28 July 1940, Salzburg, Austria.

Shortly after the  fall of France and while the defeat of the United   Kingdom and victory of Nazi Germany seem likely,  the German dictator Adolf Hitler organizes a   conference with Slovak politicians seeking to use  the favorable conditions to demand the expulsion   of the moderate faction from the Slovak Government  and its replacement by members of the pro-German   radical branch.

The Führer hints that the failure  to comply will leave the Slovak State at the mercy
of Hungary, by revoking the protection guarantees  that Slovakia had obtained one year earlier.

The   Slovaks concede to the German ultimatum.

2 years  later in March 1942 the systematic deportations   of Slovak Jews to death camps begin.

Between  March and October 1942, the Slovak authorities   concentrate some 58,000 Slovak Jews in labor and  concentration camps from which they are deported   to the extermination camps in German-occupied  Poland.

Among them is Helena Citrónová.

Helena Citrónová, one of 4  children of Jewish parents,   was born on the 26 August 1922 in Humenné,  then part of Czechoslovakia.

Her father was   a cantor and because Helena liked  not only to sing but also dance,   her older brother joked that one day he would take  her to Prague to exercise her talent.

In 1934,   Helena’s sister Róžika together with her  husband emigrated to Palestine.

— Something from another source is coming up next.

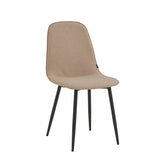 Milou Eetkamerstoel - Taupe Linnen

However,   because he could not find work there, in 1939 the  two decided to return to Czechoslovakia together   with their daughter though the Jews in Palestine  had warned them by saying: “What? Are you   crazy?! There’s a war brewing.

” By the time the  family realized their mistake, it was too late.

The Second World War began on the 1st of  September 1939 when Nazi Germany invaded Poland.

In April 1940 the First Aryanization Law was  passed in Slovakia which meant the seizure of   Jewish-owned property and exclusion of Jews  from the economy.

This was justified by the   stereotype and reinforced by the propaganda that  Jews obtained their wealth by oppressing Slovaks.

On the 9th of September 1941 the Slovak government  passed the Jewish Code.

The government propaganda   boasted that it was the strictest set of  anti-Jewish laws in Europe.

Based on the   Nazi Nuremberg Laws, it comprised 270 articles  and was longer than the Slovak Constitution.

This law comprehensively denied rights to Slovak  Jews and definitively excluded Jews from public   life restricting the hours that they were allowed  to travel and shop, and barring them from clubs,   organizations, and public events.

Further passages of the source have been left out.